However, if we just celebrate the reduction in police stopping bike riders—which Bike East Bay has advocated for across the East Bay—we miss a larger picture. Racist enforcement by police remains. Police violence and structural racism extends far beyond the bike lane, and far broader change is needed. Connect with East Bay groups working to cut police budgets and reinvest in community services. 

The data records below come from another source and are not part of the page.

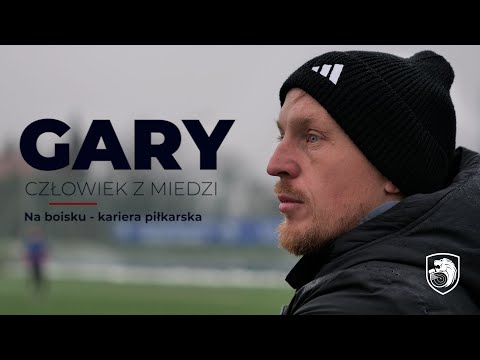 Read more about the article GARY- człowiek z Miedzi cz. II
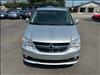 2012 Dodge Grand Caravan Crew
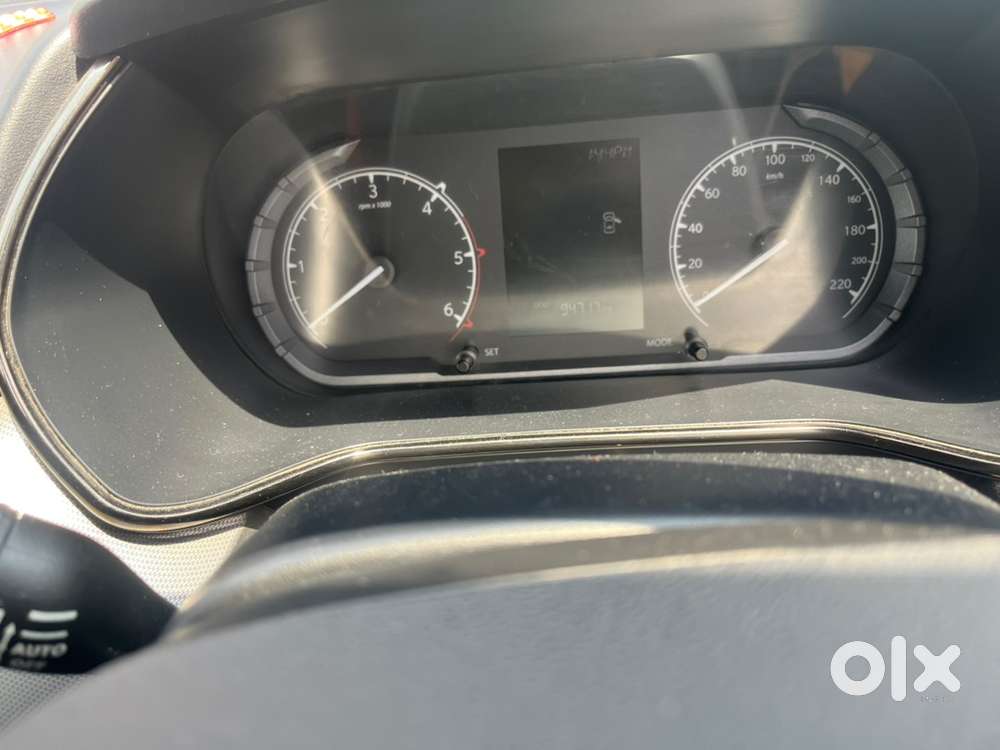 Tata Harrier Diesel 2022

Whether people are driving, biking, or walking—regardless of the mode of transportation—Black people are still more likely to be stopped and searched by police. In 2019, Black Oaklanders represented 23.5% of the Oakland population, but made up 51.3% of traffic stops, and 62.5% of individuals searched during a traffic stop. As Bike East Bay Education Director Robert Prinz highlights, “while it is good to have access to this data, it won’t come as a surprise to those for whom it is a lived experience. What matters is how we use this information to hold decision makers accountable for policy changes, funding priorities, and other steps to address systemic inequities.”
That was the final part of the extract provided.